Trata-se de um relatório “extenso” e que “descreve um conjunto de insuficiências e deficiências graves de controlo interno no período de atividade até 2014 do Banco Espírito Santo no processo de concessão e acompanhamento do crédito, bem como relativamente ao investimento noutros ativos financeiros e imobiliários”, frisam as Finanças.

Maioria de perdas tem na origem ativos herdados do BES

Tal como o JE noticiou na última edição, a auditoria conclui que nos problemas detetados na grande parte devem-se ao período de gestão pré-resolução do BES, até 3 de agosto de 2014, quando o banco era liderada por Ricardo Salgado, acusado de 65 crimes, incluindo associação criminosa, corrupção ativa no setor privado, burla qualificada, branqueamento de capitais e fraude fiscal, no processo BES/GES. Só as burlas cometidas pelo ex-banqueiro terão custado 2,5 mil milhões de euros ao BES, segundo a acusação do MP. Os auditores sinalizam, assim, que grande parte das perdas ficou a dever-se a créditos e imóveis herdados do BES.

Segundo a nota enviada pelo Ministério das Finanças, o relatório de auditoria “evidencia que as perdas incorridas pelo Novo Banco decorreram fundamentalmente de exposições a ativos que tiveram origem no período de atividade do Banco Espírito Santo e que foram transferidos para o Novo Banco no âmbito da resolução”, assim como a existência de um conjunto de “insuficiências e deficiências graves de controlo interno no período de atividade até 2014 do Banco Espírito Santo”.

O Novo Banco destacou já, em comunicado, esta conclusão evidenciada pelas Finanças, realçando ainda que o relatório confirma ainda “os progressos realizados pelo Novo Banco” nas áreas de controlo interno. A entidade liderada por António Ramalho assegura que o banco está “ totalmente empenhado em continuar o caminho traçado que permitirá cumprir na integra as indicações referidas no relatório de auditoria”.

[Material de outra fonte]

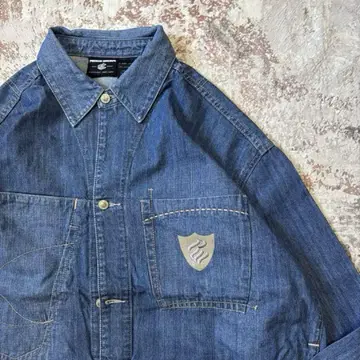 [컨디션 최상] ROCAWEAR 로카웨어 데님 커버올 자켓 빅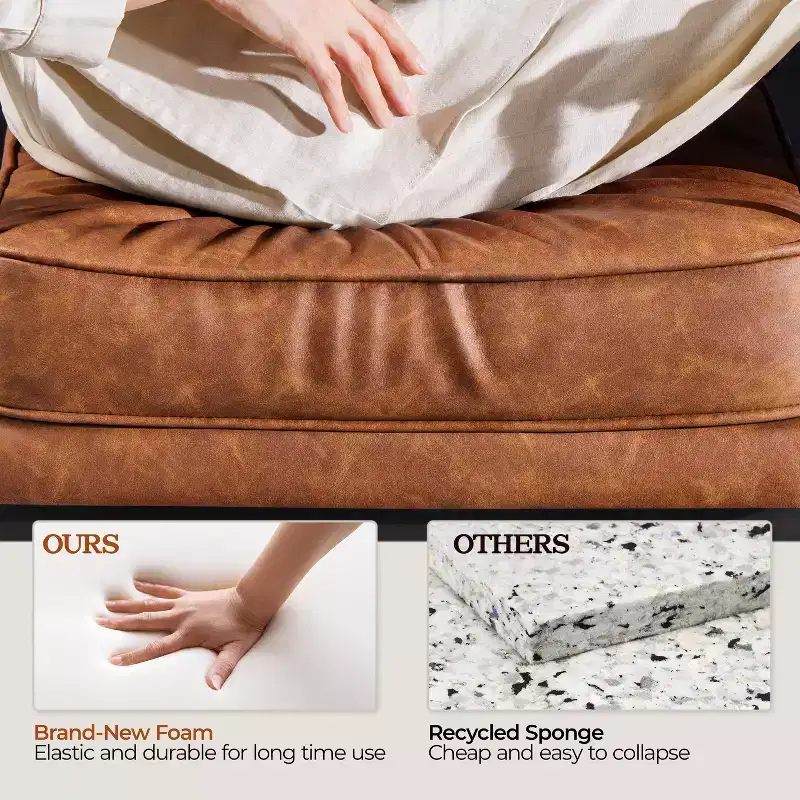 Yaheetech Retro Upholstered Accent Chair Arm Chair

Na auditoria foram analisados e escrutinados vários tipos de operações como créditos, decisões de investimento ou desinvestimento em Portugal ou no estrangeiro, bem como decisões de aquisição e alienação de ativos, nomeadamente de imóveis, durante vários mandatos de gestão. O mais longo refere-se ao de Ricardo Salgado que durante 22 anos liderou o banco, até 2014, abrangendo ainda as presidências executivas seguintes como a de Vítor Bento, Eduardo Stock da Cunha e António Ramalho, atual presidente executivo do Novo Banco.